In the summer of 2020, during the wake of George Floyd protests, Kimmel apologized for blackface impressions of media magnate Oprah Winfrey and basketball player Karl Malone in The Man Show, as well as using racial slurs in a 1996 song imitating Snoop Dogg. Kimmel apologized, "I believe that I have evolved and matured over the last 20-plus years" and that "I know that this will not be the last I hear of this and that it will be used again to try to quiet me". Footage resurfaced of a 2009 Kimmel interview with actress Megan Fox describing her sexualization on the set of Bad Boys II when she was 15-years-old, in response to which Kimmel made crude remarks.

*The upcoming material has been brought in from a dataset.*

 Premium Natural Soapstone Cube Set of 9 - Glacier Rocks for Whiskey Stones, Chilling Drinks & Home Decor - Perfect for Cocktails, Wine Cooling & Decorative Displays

While Kimmel and ABC had signed a three-year contract extension, running through the 2025–26 season, to continue his show in September 2022, he had considered ending the program just before the 2023 SAG-AFTRA and Writers Guild of America strikes. During a November 2022 appearance on Stitcher's Naked Lunch podcast, Kimmel revealed that he told ABC executives, soon after the 2016 election of Donald Trump, that if he could not tell Trump jokes, then he would leave the show. It appears the executives once spoke to Kimmel about laying off Trump, not to alienate Republican viewers. Kimmel said ABC executives were right in their apprehension, as he estimates he lost around half of his audience due to Trump jokes. Kimmel and Trump's feud is years-long, dating back to at least 2015, when then-presidential candidate Trump cancelled a scheduled appearance on Jimmy Kimmel Live!, citing a prior obligation. On his part, Kimmel has been a relentless critic of President Trump since his first term, declaring, "One of the most fun parts of my job is knowing that he hates being made fun of, and making fun of him." This culminated with Kimmel reading and mocking a Truth Social post by then-presumptive Republican presidential nominee Trump at the closing of the 96th Academy Awards ceremony in March 2024. Kimmel defended Stephen Colbert when his late talk show, The Late Show with Stephen Colbert, was cancelled, calling Paramount's cited reasons "nonsensical".